I’m not a frequent podcast listener, but now that the squash courts are closed and the weather remains cold I have discovered that riding my indoor bike for 30 minutes (usually very boring) has become time for podcasts.

If you teach Computer Science consider listening to one or more of the new CS Ed podcasts. The host is Dr. Kristin Stephens-Martinez from Duke University and there are now 6 episodes in the series.

Each podcast has a different theme and guest, but I’ve picked up ideas from each of them. The most recent podcast was with Colleen Lewis from Harvey Mudd College. I remember participating in an Inclusive Teaching Workshop at the CAN-WIC conference back in November where Colleen was one of the session speakers.

I really enjoyed her talk at CAN-WIC and her recent podcast was also informative. In her podcast she made a claim (paraphrasing) that if you are not a much better teacher every 3 years you are probably not doing it right. That is an interesting reflective statement and I bet that if you are reading this post and you think back to your teaching methods of 3+ years ago you would probably agree with this statement.

At the end of her podcast she provides 2 specific (and related) suggestions.

  1. Survey your students and respond to the feedback to identify problems with the context of your lessons, assignments, evaluations, etc..
  2. Your teaching practices should allow you to the opportunity to see your students’ thinking. Active learning strategies can help you obtain this goal.
    • this one makes me think of Assessment As Learning and Assessment for Learning.

Some related resources:

Active learning strategies can be challenging to incorporate into your daily practice and especially difficult during this remote distance learning phase.

Share your ideas about Coleen’s podcast or perhaps your strategies to survey students or integrate some active learning strategies.

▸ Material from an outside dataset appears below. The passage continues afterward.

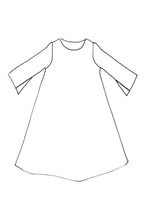 Load image into Gallery viewer, Line drawing of Trapeze dress, the 3/4 length sleeve version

  • Personally, I always do a beginning of course survey to better understand student course selection criteria and motivations, but I should be using student surveys much more often.
  • I have started using the Quizzes feature of Brightspace much more this year with a variety of types of questions. This has drastically helped me gauge student engagement with the course material and understanding. The quizzes during remote learning have been unlimited attempts and 10 questions of less each week. These questions also match the weekly learning goals (hopefully).